Youssef Guerraoui Filali : Les investissements réalisés dans le secteur industriel au titre de l’année 2022 démontrent de la dynamique que connaissent les entreprises industrielles pour la période postcovid, et ce malgré l’effet inflationniste constaté sur la même année, soit un taux d’inflation moyen annuel de 6,6%. Mais la vraie question à se poser est : est-ce que les investissements industriels de l’année 2022 ont suffisamment généré de l’emploi dans le secteur industriel ? En référence aux chiffres du ministère de l’Industrie et du Commerce, la création nette d’emplois en 2022 a atteint 70.000 postes face à un investissement annuel de 34 Mds de DH. Si l’on veut analyser à travers un ratio de relativité à cette enveloppe, il faut investir 485.714 DH en industrie pour créer un seul poste d’emploi industriel. De ce fait, cet indicateur démontre que les investissements ont porté essentiellement sur les infrastructures industrielles et non pas sur les activités génératrices d’emplois. En effet, pour les 70.000 postes d’emploi créés en industrie, on constate qu’il s’agit essentiellement de la classe ouvrière et non pas des postes d’emplois destinés aux cadres et aux ingénieurs issus des universités et grandes écoles publiques et privées. D’ailleurs, les chiffres du HCP autour de l’emploi le confirment : nous avons environ 200.000 nouveaux diplômés demandeurs d’emploi par an, et le taux de chômage dans la catégorie des jeunes diplômés est à 40% au titre de l’année 2022, avec un taux chômage pour la même année approximatif à 12% au niveau national.
F.N.H. : D’après la même source, des secteurs tels que la chimie et parachimie, l’agroalimentaire et l’industrie automobile sont ceux qui drainent le plus d’investissement. Pourquoi à votre avis ?
Y. G. F. : La dynamique industrielle actuelle est portée essentiellement par ces secteurs, en l’occurrence l’automobile, l’alimentaire et la parachimie. En premier, le secteur automobile a connu un véritable élan courant ces cinq dernières années, marqué par l’installation de différents constructeurs étrangers au Maroc. Cependant, ces usines emploient essentiellement de la main-d’œuvre et exporte la valeur ajoutée à l’étranger. Ces business model permettent en effet aux investisseurs étrangers de réduire les coûts et de réaliser des économies d’échelle pour leurs holdings.

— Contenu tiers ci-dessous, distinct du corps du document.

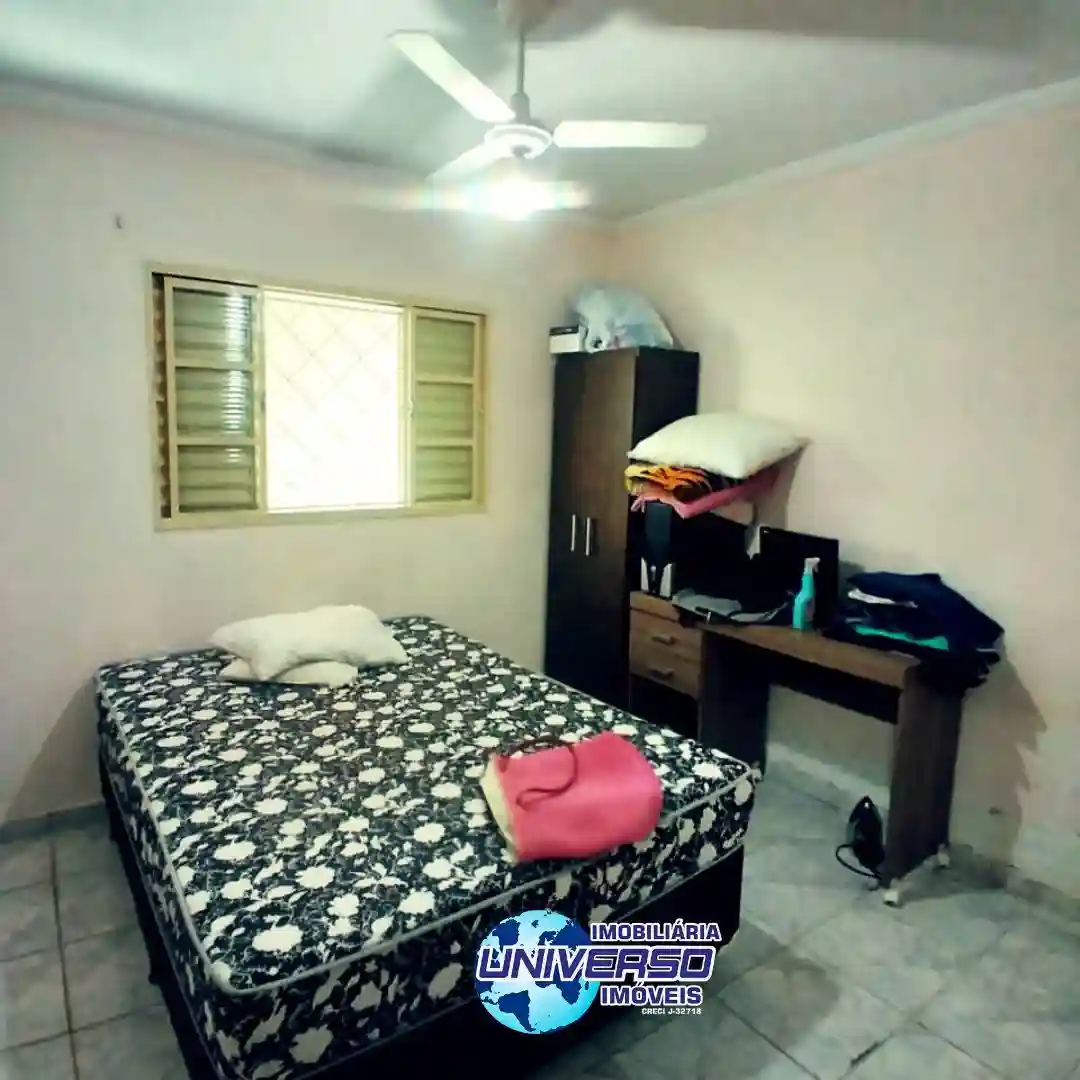 Casa com 3 quartos à venda, 80m² — foto 6 de 9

S’agissant des deux autres secteurs, l’alimentaire et la parachimie, ils poursuivent leur développement puisque le marché potentiel est très important au Maroc et à l’étranger. Cependant, d’autres secteurs sont des gisements de productivité et de croissance tels que les énergies renouvelables, le digital, la soustraitance, la santé, l’enseignement supérieur, entre autres. Leur développement est essentiel parce qu’ils sont pourvoyeurs de postes d’emploi pour les jeunes cadres et ingénieurs, que ça soit sur le territoire marocain, ou le continent africain et tout le pourtour de la Méditerranée.
F.N.H. : Comment le Maroc peut-il orienter ces investissements vers d’autres secteurs ?
Y. G. F. : L’orientation de l’investissement vers d’autres secteurs est tributaire du lancement d’une nouvelle dynamique entre les secteurs public et privé, à travers la conclusion d’une nouvelle génération de partenariats publics-privés (PPP) favorisant le développement et l’émergence d’entreprises et de startups spécialisées dans les métiers de l’avenir, tels que la high-tech, l’intelligence artificielle, les énergies renouvelables, la santé digitale, l’agro-industrie, etc. Cependant, la mobilisation des financements nécessaires est de mise. Le lancement des projets innovants interpelle la question du financement des cycles d’investissement et d’exploitation, essentiellement pendant le lancement des activités, sans négliger l’accompagnement technique continu permettant d’accéder aux marchés nationaux et aux chaînes de valeur internationale.